La foire aux fournitures scolaires bat son plein. Le phénomène,
annonciateur du retour des élèves sur les bancs des classes, donne des couleurs
de kermesse aux centres urbains, soudainement animés, après le retour massif
des vacanciers. Le commerce bouge et les affaires tournent rond, surtout pour
le marché des articles scolaires. De petites tentes, dressées sur une poche
urbaine, à Ali Mendjeli, donne toute la mesure de la dynamique commerciale
d'une foire dédiée à « la rentrée scolaire et aux habits pour enfants ». Mais,
foire ou pas foire, cela va encore saigner la bourse des ménages, au vu des
prix affichés. Les prix des cahiers de différents volumes, affichés sur une
liste exposée devant les acheteurs, allant de 25 à 180 DA pour les registres,
peuvent séduire ou accrocher l'attention des parents, à la recherche de
produits pas chers. « Une astuce pour attirer le client, et lui fourguer
d'autres articles qui vont, nécessairement, avec le cahier, à des prix excessifs,
ceux-là, sans qu'on ne s'y rende compte », nous a confié un éditeur - libraire
qui a qualifié ces commerçants « occasionnels » d'as du métier. Pour rester
dans la catégorie du bas de gamme et marchandises de qualité normale ou
moyenne, on aura des crayons à 20 DA, des cartables dont le prix peut aller
jusqu'à 2.600 DA, des tabliers à plus de 2.000 DA et des trousses à 350 DA !
Bien sûr, pour profiter, pleinement, de l'aubaine, des commerçants de
détergents, de vaisselles et autres petits trucs prisés par la ménagère se sont
incrustés dans le décor d'une foire consacrée, normalement, aux fournitures
scolaires et aux habits pour enfants. En tout cas, tout le monde arrive à
trouver son compte, sauf les libraires professionnels, en activité, dans ce créneau,
tout au long de l'année.

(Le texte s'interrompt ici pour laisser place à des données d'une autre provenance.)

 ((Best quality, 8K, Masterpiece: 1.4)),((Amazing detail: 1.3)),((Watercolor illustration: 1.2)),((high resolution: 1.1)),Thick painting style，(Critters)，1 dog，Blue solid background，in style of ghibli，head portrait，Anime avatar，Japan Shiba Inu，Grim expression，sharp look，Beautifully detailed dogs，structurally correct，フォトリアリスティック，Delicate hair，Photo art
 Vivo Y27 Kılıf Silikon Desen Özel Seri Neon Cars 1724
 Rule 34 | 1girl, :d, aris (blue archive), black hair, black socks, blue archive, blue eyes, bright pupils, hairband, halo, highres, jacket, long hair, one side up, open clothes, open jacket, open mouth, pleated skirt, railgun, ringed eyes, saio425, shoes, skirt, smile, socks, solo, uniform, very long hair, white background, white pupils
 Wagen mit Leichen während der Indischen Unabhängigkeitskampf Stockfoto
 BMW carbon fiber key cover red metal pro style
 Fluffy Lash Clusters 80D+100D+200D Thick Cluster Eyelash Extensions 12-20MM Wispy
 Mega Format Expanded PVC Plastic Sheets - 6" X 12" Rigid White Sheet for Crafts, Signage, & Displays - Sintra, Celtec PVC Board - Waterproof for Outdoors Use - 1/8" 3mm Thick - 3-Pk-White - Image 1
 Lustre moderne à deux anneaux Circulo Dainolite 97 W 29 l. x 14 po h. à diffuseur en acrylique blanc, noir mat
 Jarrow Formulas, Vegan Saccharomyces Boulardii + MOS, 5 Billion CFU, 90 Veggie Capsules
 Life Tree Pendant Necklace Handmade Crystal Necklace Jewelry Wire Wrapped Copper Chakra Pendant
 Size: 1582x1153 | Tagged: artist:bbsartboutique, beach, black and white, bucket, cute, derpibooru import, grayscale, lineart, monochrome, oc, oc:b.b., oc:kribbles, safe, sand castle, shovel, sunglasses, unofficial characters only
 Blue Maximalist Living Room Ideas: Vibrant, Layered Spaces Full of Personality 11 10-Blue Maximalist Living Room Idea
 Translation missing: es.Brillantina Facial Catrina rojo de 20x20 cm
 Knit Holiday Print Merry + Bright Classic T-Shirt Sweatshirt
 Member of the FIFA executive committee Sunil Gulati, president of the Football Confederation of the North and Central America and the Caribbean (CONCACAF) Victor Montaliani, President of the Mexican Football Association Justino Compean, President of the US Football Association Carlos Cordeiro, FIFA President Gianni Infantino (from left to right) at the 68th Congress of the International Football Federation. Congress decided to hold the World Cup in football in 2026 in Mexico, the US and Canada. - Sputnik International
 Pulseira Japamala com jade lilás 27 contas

Ces foires qui attirent ou « détournent », comme des
aimants, la clientèle potentielle, les parents d'élèves en l'occurrence,
réalisent des gains très importants, durant un court laps de temps, moins d'un
mois. « La recette d'un mois de ces vendeurs occasionnels dépasse, de loin, ce
que je réalise en une année de travail », affirme un libraire, en exhibant un
maigre registre de vente. Les libraires professionnels sont mécontents de la
prolifération du commerce des fournitures scolaires, « c'est de la concurrence
déloyale, un outrage au métier », considère-t-on, avec dépit. Presque le cas
des ?zalabdjia', au mois de Ramadhan, à la veille de la rentrée scolaire, tout
commerce est bon pour se convertir, en parallèle à l'activité qui lui est
propre, à l'air du temps, au grand dam des libraires. L'informel ronge le
commerce des fournitures scolaires, contraignant les circuits légaux à se
raréfier, car les professionnels « sont contraints au dépôt des clés sous le
paillasson », sous la pression de lourdes charges et un rendement insignifiant.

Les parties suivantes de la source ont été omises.